Well, it depends. There are two ways that a multi-member LLC can be taxed – as a partnership, or as a corporation. The default is as a partnership, which is a pass-through entity. That is, the LLC itself is not taxed; the profits or losses of the business are passed onto the owners for taxation at the individual level. A corporation, by contrast, is usually taxed as a separate entity before profits are distributed to owners. The exception to the rule is if the corporation makes a (Subchapter) “S election”; rendering it an “S-corp”. S-corps like partnerships are pass-through entities.
The other thing to consider is the definition of “salary”. Normally when we think of a salary, it’s paid to us in our role as an employee of a company, and takes into account payroll taxes, unemployment insurance, and benefits costs. This person would receive a W-2 form from the company at the end of the year summarizing total salary paid and deductions.
An expanded definition of salary could include payments for services made to individuals as contractors. In this case, the individual would be paid for specific services, and receive a summary of payments on a 1099-Misc form at the end of the year. Normally no taxes are withheld by the company and no benefits are provided.
So in the situation where an individual is a member (owner) of an LLC, which is taxed as a partnership, can the individual draw a salary as an employee? The answer is no. The support for this statement is not directly referenceable in the IRS code, but has been developed by court cases over the years. These cases have involved interpretations of Section 707 of the Internal Revenue Code, which discusses transactions between partners and a partnership. The IRS further clarified in Rev. Rul. 81-301 that payments made to partners in a “capacity other than as a partner” would be treated similar to payments made to a contractor, not an employee.
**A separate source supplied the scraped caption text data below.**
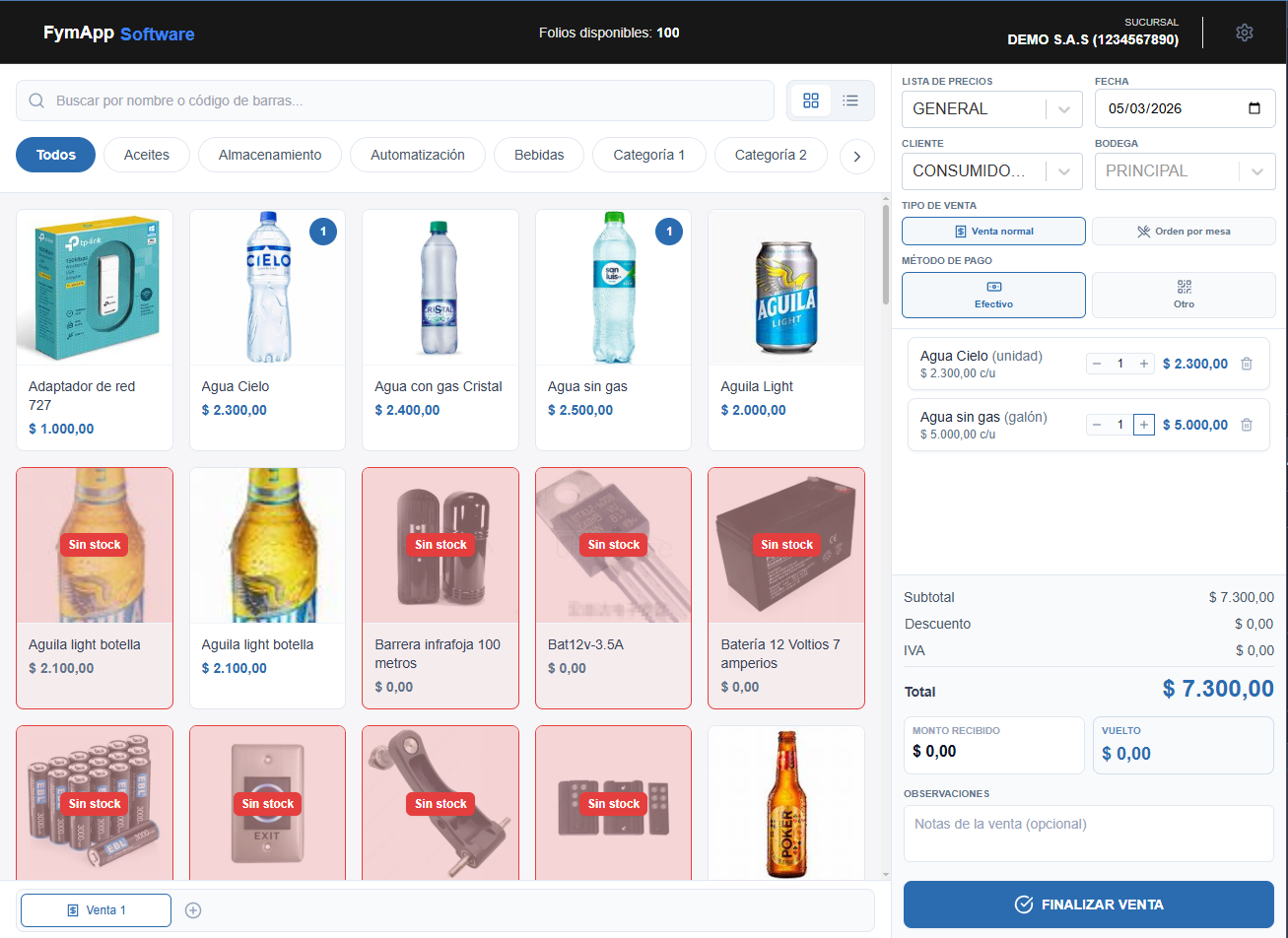 FymApp Desktop Preview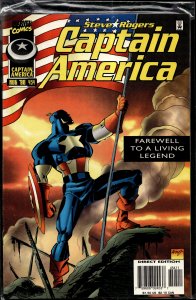 Captain America #454 (1996) Captain America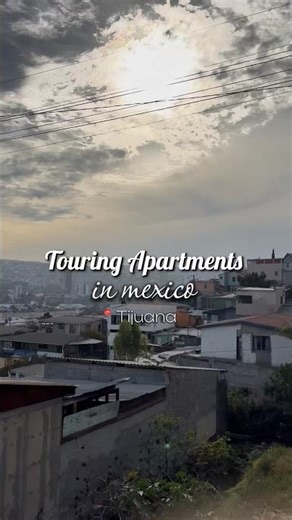 Touring apartments in Tijuana! 🇲🇽 #mexico #tijuana #apartment #apartamento #méxico #parati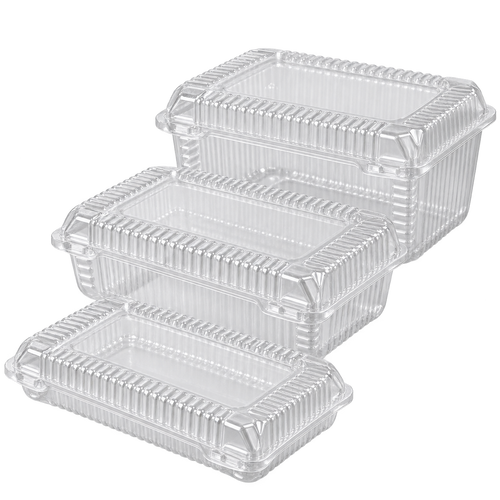 Envase PET transparente 136 de 20 x 17 x 4 cm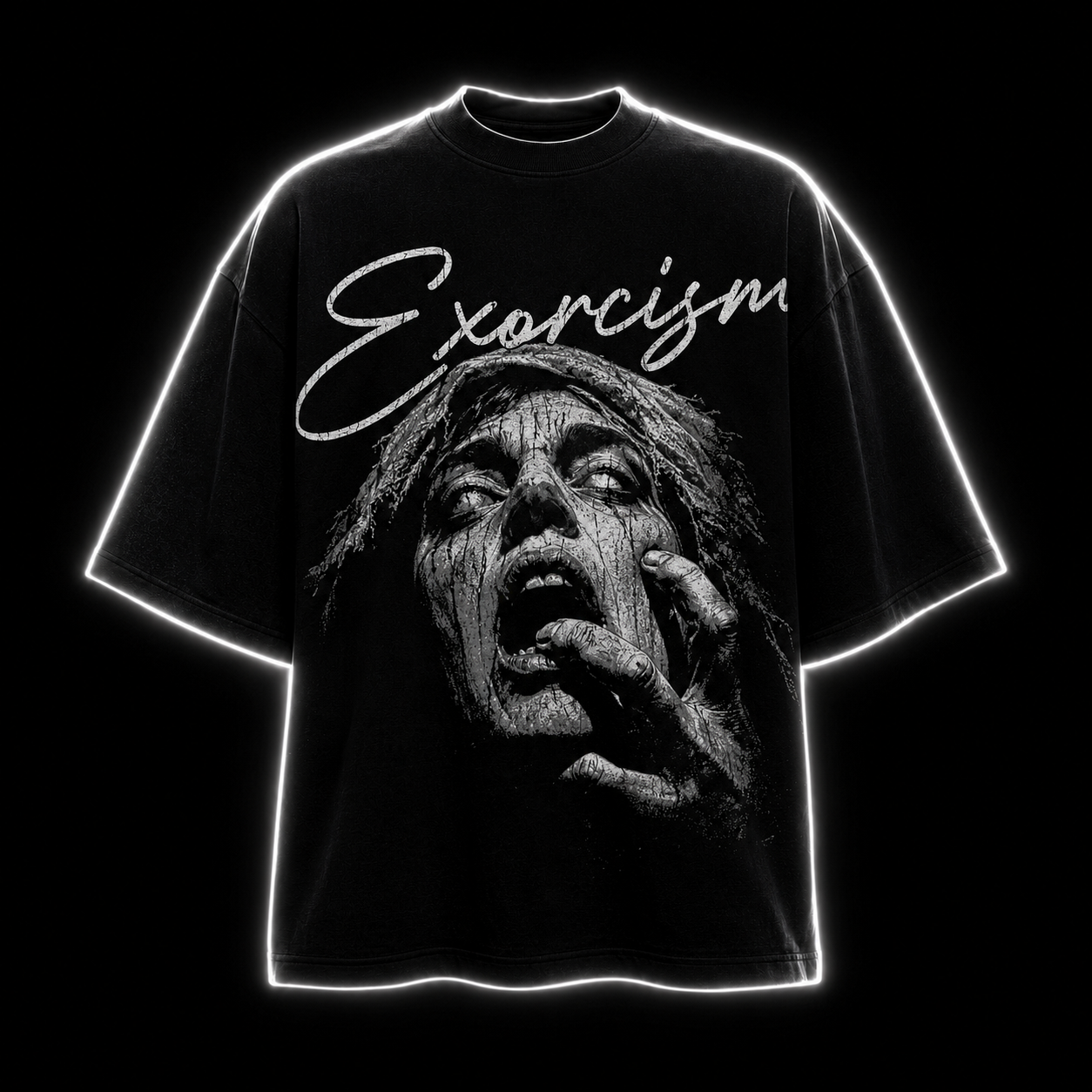 Exorcism Gothic Horror Tee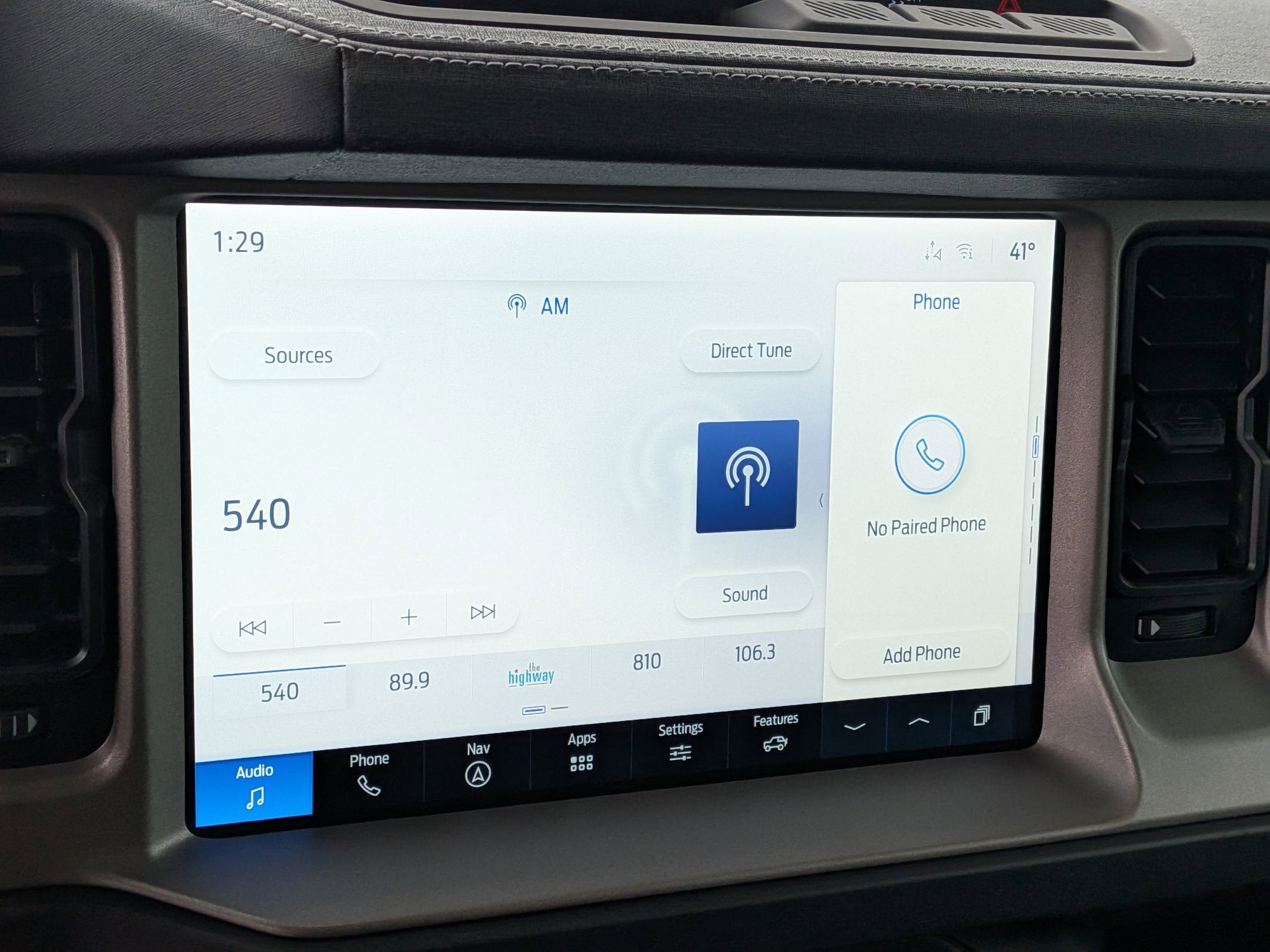 2025 Ford Bronco Outer Banks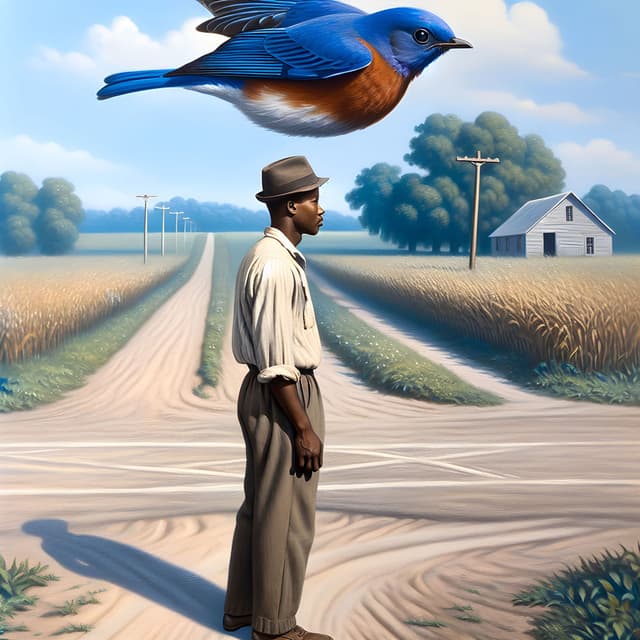 Kentucky Bluebird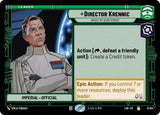 Director Krennic - Amidst My Achievement - Star Wars Unlimited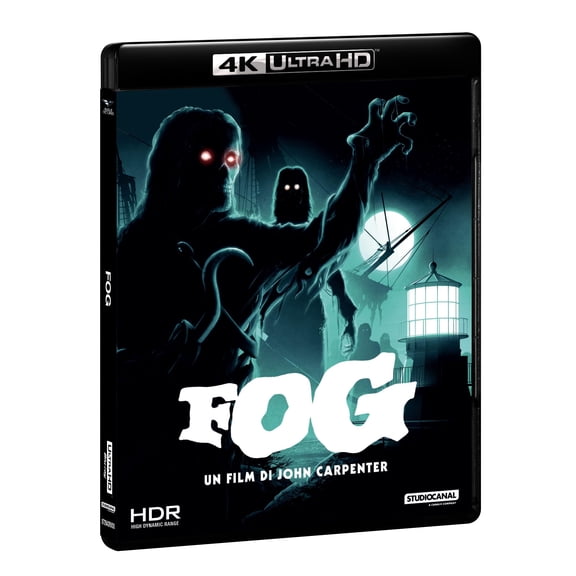 Fog - 4K (Bd 4K   Bd Hd) (4K Ultra HD) Janet Leigh Jamie Lee Curtis Adrienne Barbeau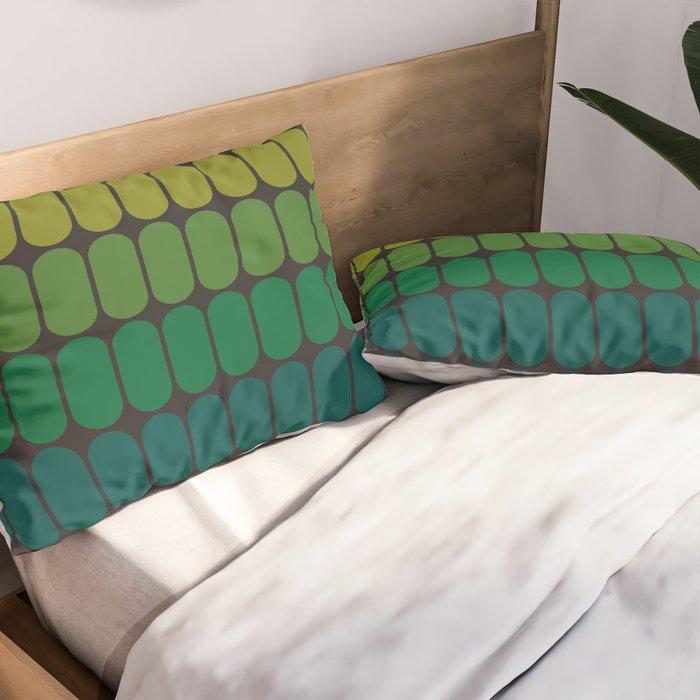 Verdant Capsule Pillow Sham Gallery Image 2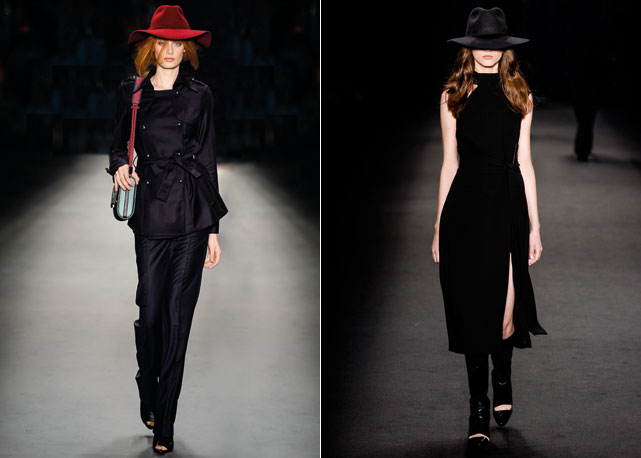 O inverno 2015 de Giuliana Romanno e Lilly Sarty - Foto: reprodução / Harper´s Bazaar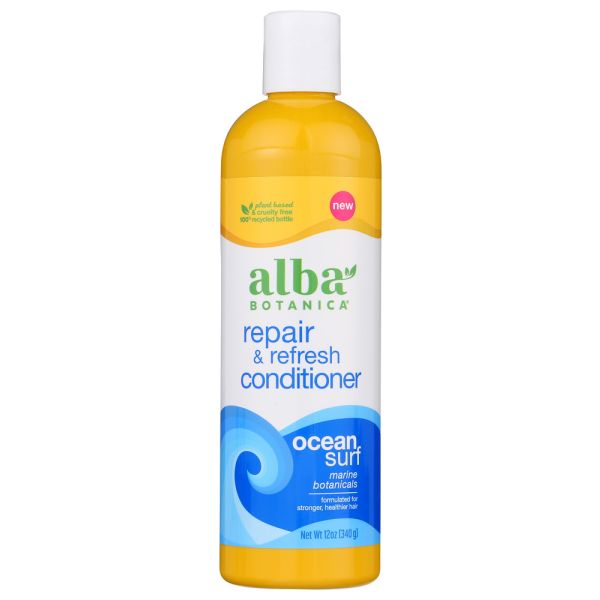 ALBA BOTANICA: Ocean Surf Repair & Refresh Conditioner, 12 oz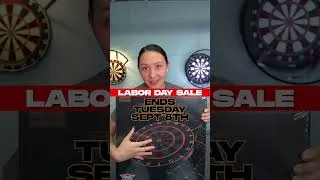 Thumbnail: SALE - Bulls Advantage Black Dartboard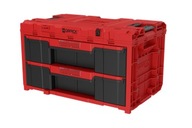 QBRICK SYSTEM ONE Drawer 2 Toolbox 2.0 RED ULTRA HD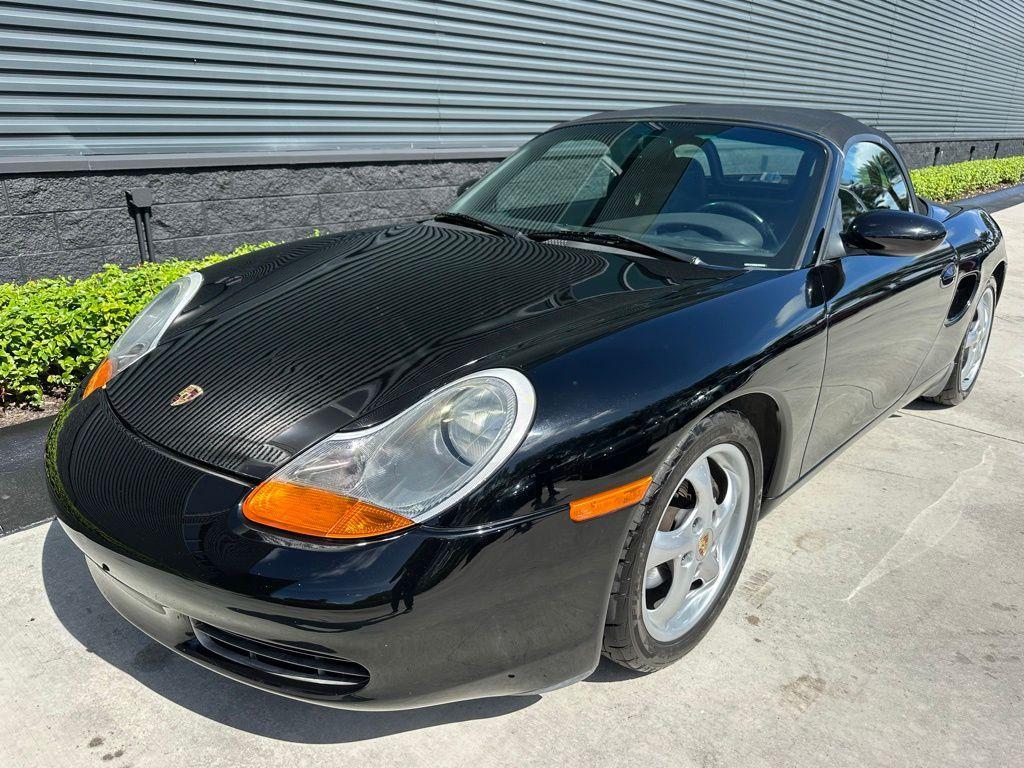 used 1999 Porsche Boxster car, priced at $11,995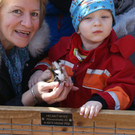 Die niedlichen H__schen durften gestreichelt werden.JPG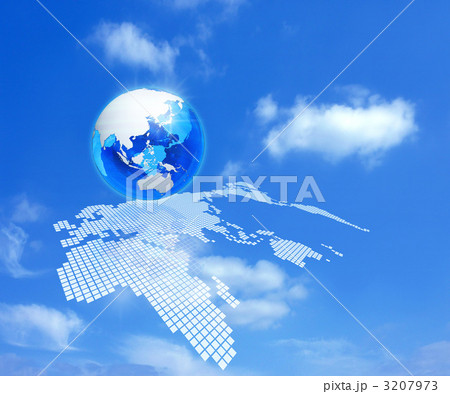地球・世界地図 3207973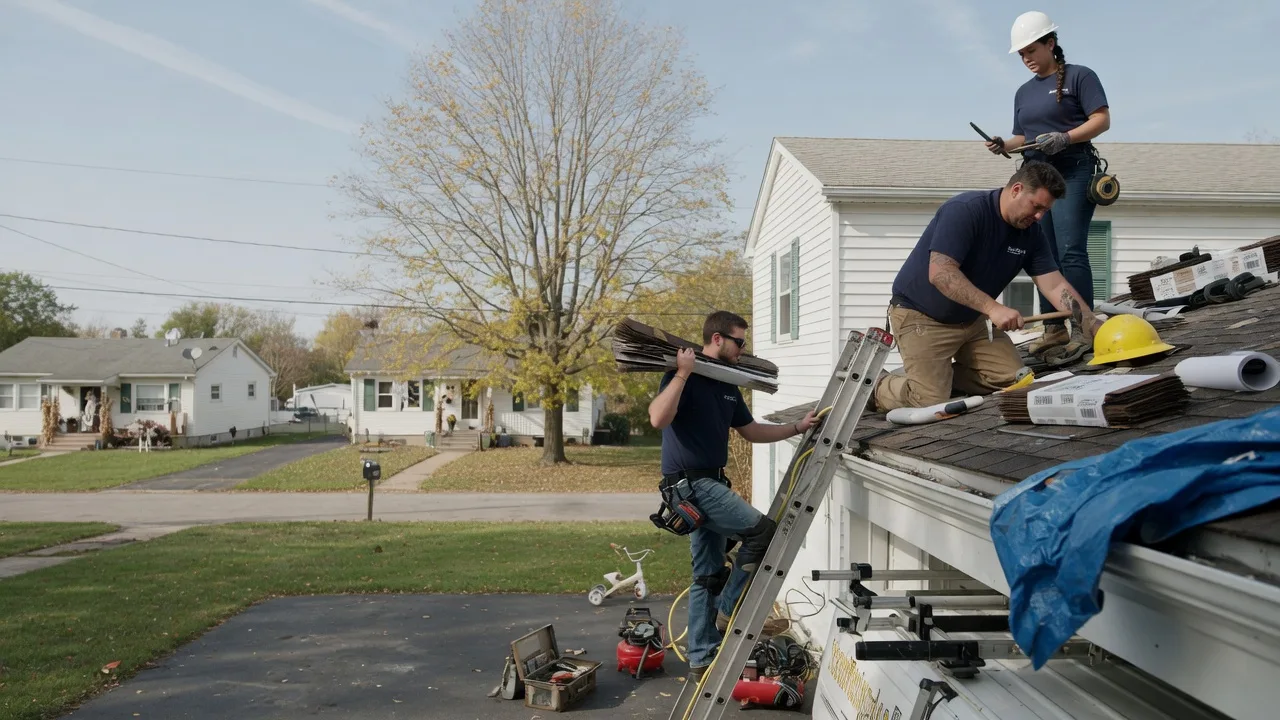 Local Roofing Contractors in West Bend, WI near me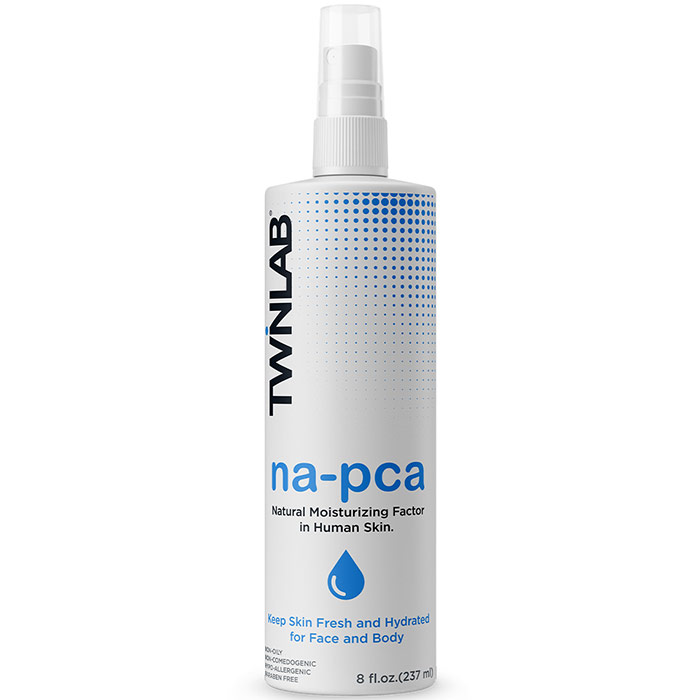Na-PCA Spray Non-Oily, For Face & Body, 8 oz from Twinlab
So, if a partner in an LLC wants to receive periodic payments other than a year-end distribution of profits, what are the options? If the LLC is taxed as a partnership, there are two:
– draw against partnership profits
– guaranteed payments for services or use of capital
Note that one is taxable to the recipient, and the other is not. If the distributions are considered guaranteed payments, they will be ordinary income (K-1, Part III line 4) to the partner, and deductible to the partnership. Guaranteed payments are made for services performed by the partner or for use of capital, and are made regardless of the profits of the partnership. Both of these are key. However if the payments are structured as a minimum distribution of partnership earnings to the partner (who may or may not participate in the business), then they will not be taxed separately. See example:
– $20 guaranteed payment regardless of partnership profits
– partner share of profits is 25%
– partnership profits (after deduction of guaranteed payment) is $100
– partner’s K-1 shows $20 guaranteed payment and $25 of partnership profits
If however the partnership agreement called for quarterly $5 draws against profits, given the set of facts above the total $20 would not be considered a guaranteed payment but part of the distribution on the K-1. The amount reported on the K-1 would be $30 (because the $20 was not deducted).
In either case, it’s important to document in the LLC operating agreement what any fixed payments are – either draws or guaranteed payments.
If the LLC elects to be taxed as a corporation, either S-corp or C-corp, the members (now owners vs. partners) can pay themselves “reasonable compensation” as salary. The amount paid will be reflected on a W-2 issued by the company to the owner at the end of the year.